33. The precise value of the chosen Emitter-Base voltage isn't important to our argument here, but it does determine the amount of current we'll see. For the sake of example we've chosen a half a volt. Since the Emitter-Base junction is a PN diode we can expect to see a current when we apply forward voltages of this sort of size. In practice with a Bipolar transistor made using Silicon we can expect to have to use an Emitter-Base voltage in the range from around a half volt up to almost one volt. Higher voltages tend to produce so much current that they can destroy the transistor!

34. It is worth noting that the magnitude of the current we see isn't really affected by the chosen Base-Collector voltage. This is because the current is mainly set by how easy it is for electrons to get from the Emitter into the Base region.

35. Most (but not all!) the electrons that get into the Base move straight on into the Collector provided the Collector voltage is positive enough to draw them out of the Base region. However, a few of the electrons get 'lost' on the way across the Base. This process is illustrated in the figure shown. Some of the free electrons crossing the Base encounter a hole and 'drop into it'. As a result, the Base region loses one of its positive charges (holes) each time this happens.

36. If we didn't do anything about this we'd find that the Base potential would become more negative (i.e. 'less positive' because of the removal of the holes) until it was negative enough to repel any more electrons from crossing the Emitter-Base junction. The current flow would then stop.

37. To prevent this happening we use the applied Emitter-Base voltage to remove the captured electrons from the Base and maintain the number of holes it contains. This has the overall effect that we see some of the electrons which enter the transistor via the Emitter emerging again from the Base rather than the Collector. For most practical Bipolar Transistors only about 1% of the free electrons which try to cross Base region get caught in this way. Hence we see a Base Current, IB, which is typically around one hundred times smaller than the Emitter Current, IE.

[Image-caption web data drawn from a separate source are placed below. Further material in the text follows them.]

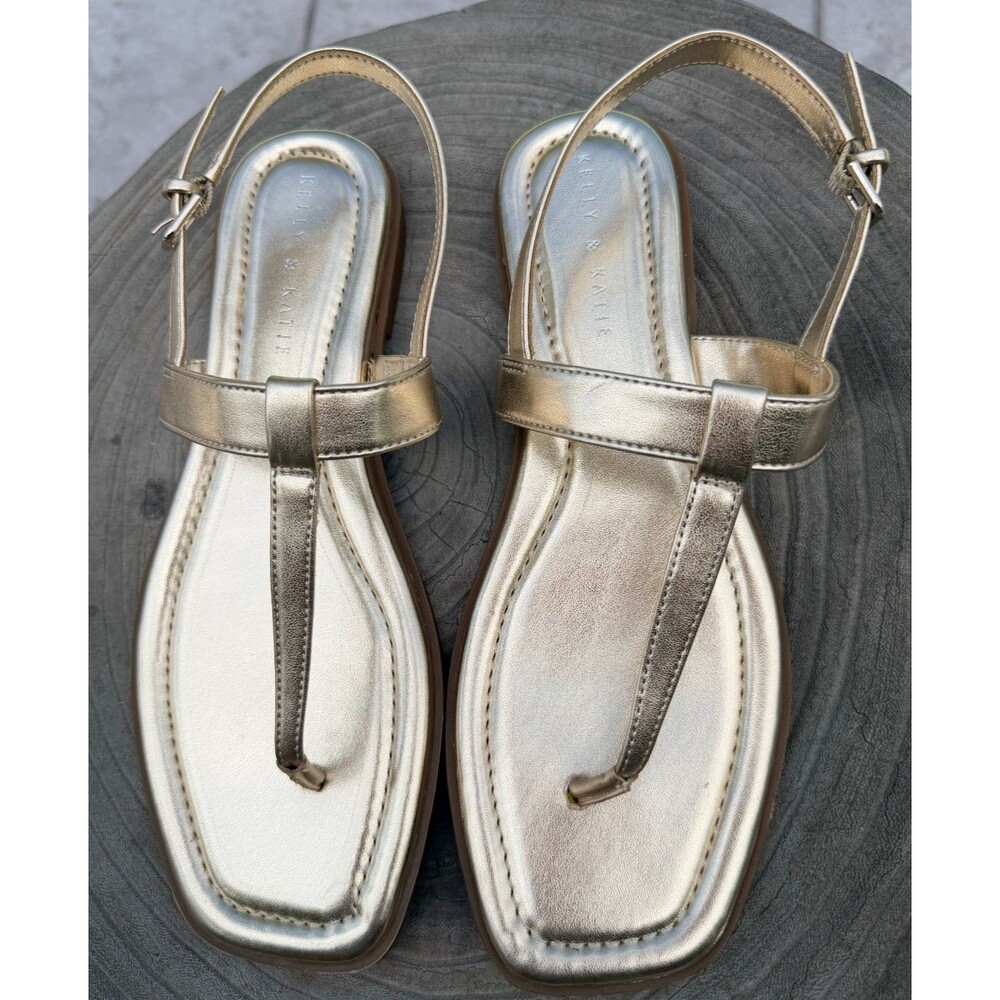 Kelly & Katie Coupri Gold T- Strap Slingback Sandals SZ 11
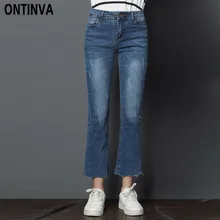 Асимметричные джинсовые синие расклешенные джинсы женские повседневные Лоскутные потертые брюки летние модные брюки длиной до лодыжки новое поступление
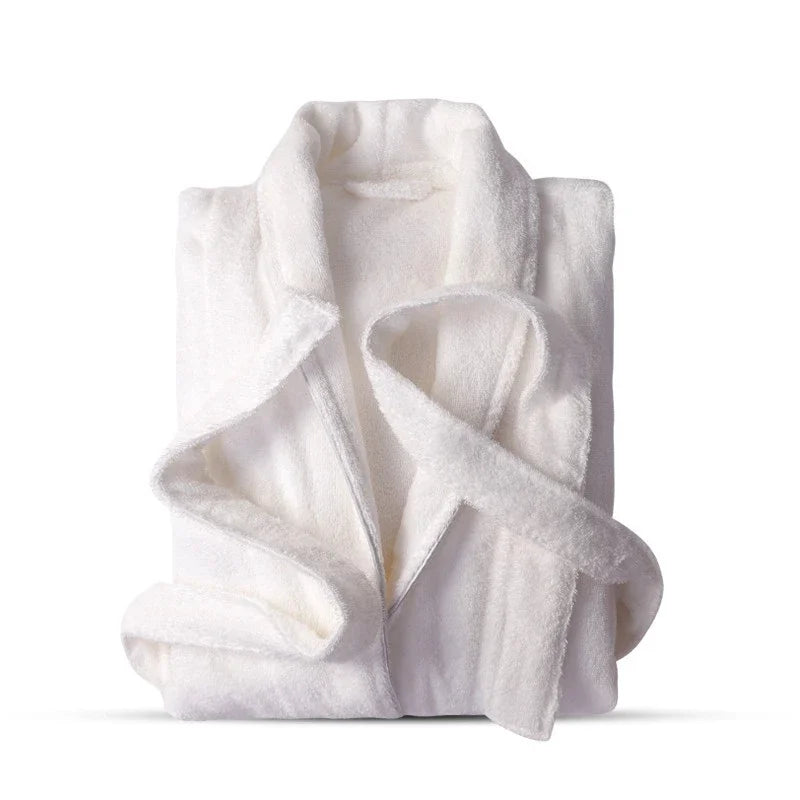 100% Baumwolle Frottier-Bademantel – Unisex Langer Dicker Morgenmantel für Damen & Herren, Hotelqualität Kaufschwan® Weiß XXL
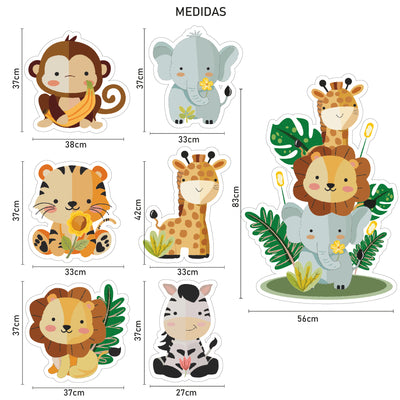 Set de Figuras de Animales Bebé Safari en Coroplast para Decoración Infantil y Fiestas de Safarí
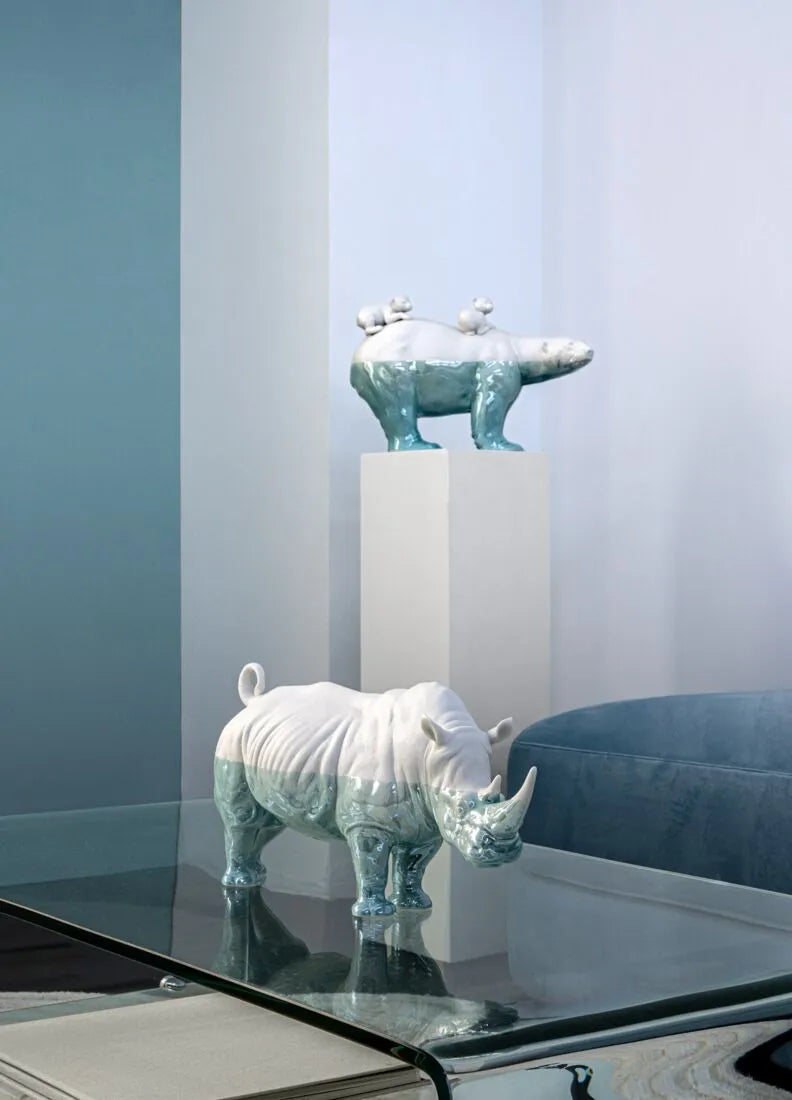 Rhino Underwater Sculpture Home Accessories Lladro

38. An alternate way of looking at transistors is to use the source, gate, and drain picture.

39. In the n-type transistor, both the source and the drain are negatively-charged and sit on a positively-charged well of p-silicon. Transistors consist of three terminals; the source, the gate, and the drain.

40. When positive voltage is applied to the gate, electrons in the p-silicon are attracted to the area under the gate forming an electron channel between the source and the drain. When positive voltage is applied to the drain, the electrons are pulled from the source to the drain. In this state the transistor is on.

41. If the voltage at the gate is removed, electrons aren't attracted to the area between the source and drain. The pathway is broken and the transistor is turned off.